Outside the food waste literature there have been a number of studies across environmental (Kaiser and Fuhrer 2003; Redman and Redman 2014; Peschel et al. 2016), health (Wardle et al. 2000; Worsley 2002; Grunert et al. 2010) and food safety (Meysenburg et al. 2014) fields that have shown that objective or declarative knowledge is a necessary but not sufficient condition for behaviour. For example Peschel et al. (2016) found that, while less knowledge might make one less likely to make an environmentally friendly choice, better knowledge might not make one significantly more likely to choose it either as people tend to balance between factors such as price and the environment.

Kaiser and Fuhrer (2003) and Redman and Redman (2014) also found limited impact of objective or declarative knowledge alone and argued that it needed to converge with other domains of knowledge (procedural, social, and effectiveness) in order to affect behaviour.

A Food Standards Agency (FSA) (2016) survey on food labelling issues reported that consumers considered retail food labelling information in a ‘needs-based behaviour’ and that the most frequently checked information when purchasing food was the ‘use by’ or ‘best before’ information. However, many authors reported that the current food date labelling system with different types of date marking can generate confusion among consumers (Rahelu 2009; NRDC 2013; FSA 2016; Priefer et al. 2016). The FSA (2016) report also noted that respondents stated internal conflicts between not wishing to take health risks by ignoring date labels and not wanting to waste food.

Hypothesis 3

Perceived behavioural control (need for clearer information on date labelling and frequency of checking date labels) has an effect on behaviours associated with lower food waste.

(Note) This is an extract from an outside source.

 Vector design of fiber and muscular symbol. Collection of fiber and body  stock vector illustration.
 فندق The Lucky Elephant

According to Ajzen and Madden (1986) and numerous other authors, perceived behavioural control will influence behaviour directly and/or indirectly through behavioural intentions. Visschers et al. (2016) emphasised the relevance of perceived behavioural control on food waste behaviour. They found that perceived behavioural control was one of the most important predictors of the amount of food waste per household member. However, evidence from WRAP (2007, 2011) suggested that frequency of use or sensitivity to date labels was not a straightforward way of identifying low food wasters from high food wasters. This is because there seem to be behaviours associated with high date sensitivity (e.g., food planning and shopping) that combined may result in lower waste; equally there are behaviours associated with low date sensitivity or frequency of checking such as a willingness to eat leftovers or food past its date, which may also be associated with lower food waste (WRAP 2011). Similarly, Visschers et al. (2016) found that, with regard to consuming leftovers, consumers with more positive attitudes and norms regarding food waste reduction and with lower risk perceptions about consuming leftovers showed a higher intention to reduce food waste as well as reporting less food waste.

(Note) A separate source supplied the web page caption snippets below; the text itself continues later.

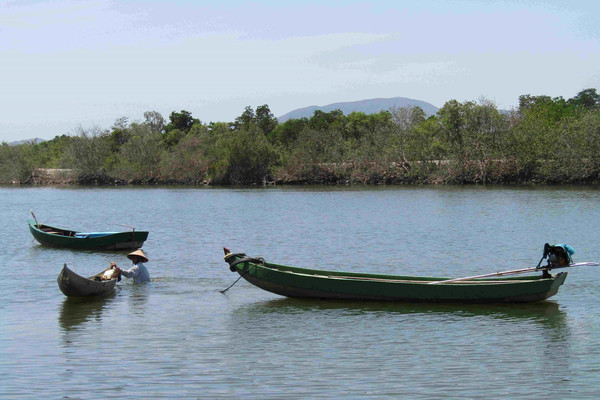 Bảo tồn đa dạng sinh học vùng đầm tỉnh Bình Định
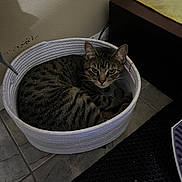 Milo is registered to the contest to win money with this photo: cat, tabby, basket, indoor, floor, tile, furniture, mat, curious, pet, animal, resting, cozy, domestic, whiskers, ears, paws, collar, home, quiet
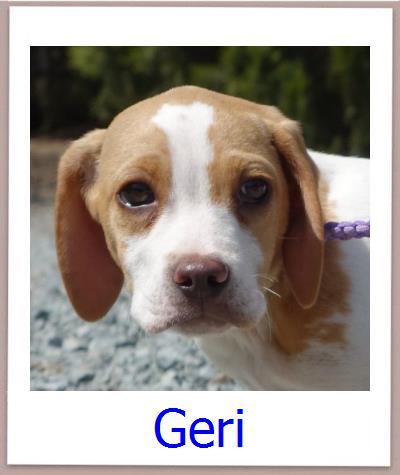 Geri Tierschutz Zypern Hund prof
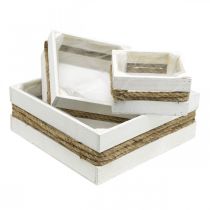 Cassetta per piante in legno bianco con cassetta in corda per piantare 15/20/30 cm set di 3
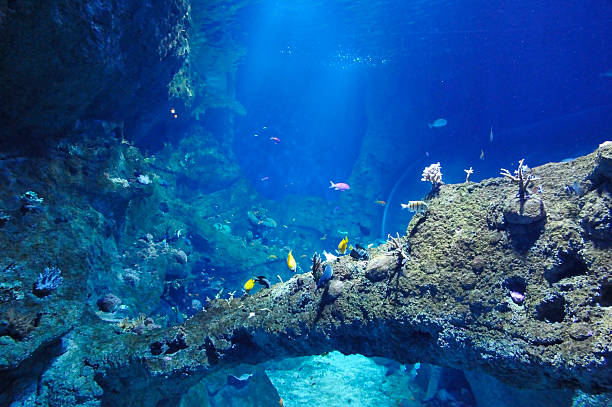 istock Many sea fishs in a big aquarium 147784413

The behaviours related to lower food waste measured by the Flash Eurobarometer 425 (European Commission 2015) are about consuming food after or without knowing the ‘best before’ date or eating products after they have been open for more than the recommended number of days. It was therefore hypothesised that those who check dates most frequently, i.e., appear to be more sensitive to dates, would be less likely to exhibit the behaviours analysed.

Data and methods

Data

The data used in this research were extracted from the Dataset Flash Eurobarometer 425: Food waste and date marking (European Commission 2015). The Eurobarometer survey was carried out by the TNS Opinion and Social through face-to-face interviews of citizens in the 28 Member States of the European Union, with an average sample size of 950 observations.

The variables included in the analysis are:

  • socio-demographic variables (age, education, occupation);

  • understanding of ‘best before’ and ‘use by’ labels on food products;

  • perceived need for better and clearer information on the meaning of ‘best before’ and ‘use by’ dates indicated on food labels;

  • frequency of checking the ‘use by’ or ‘best before’ dates on food labels when shopping and preparing meals;

  • food waste behaviour, i.e., use of senses instead of labels to decide whether to eat or throw away food (e.g., non-perishable foods from own kitchen cupboard with no ‘best before’ date indicated on the label which were not bought recently; or food products which must be used within a certain number of days after opening and are past that); and stated need for ‘best before’ dates on non-perishable foods, such as rice, pasta, coffee or tea.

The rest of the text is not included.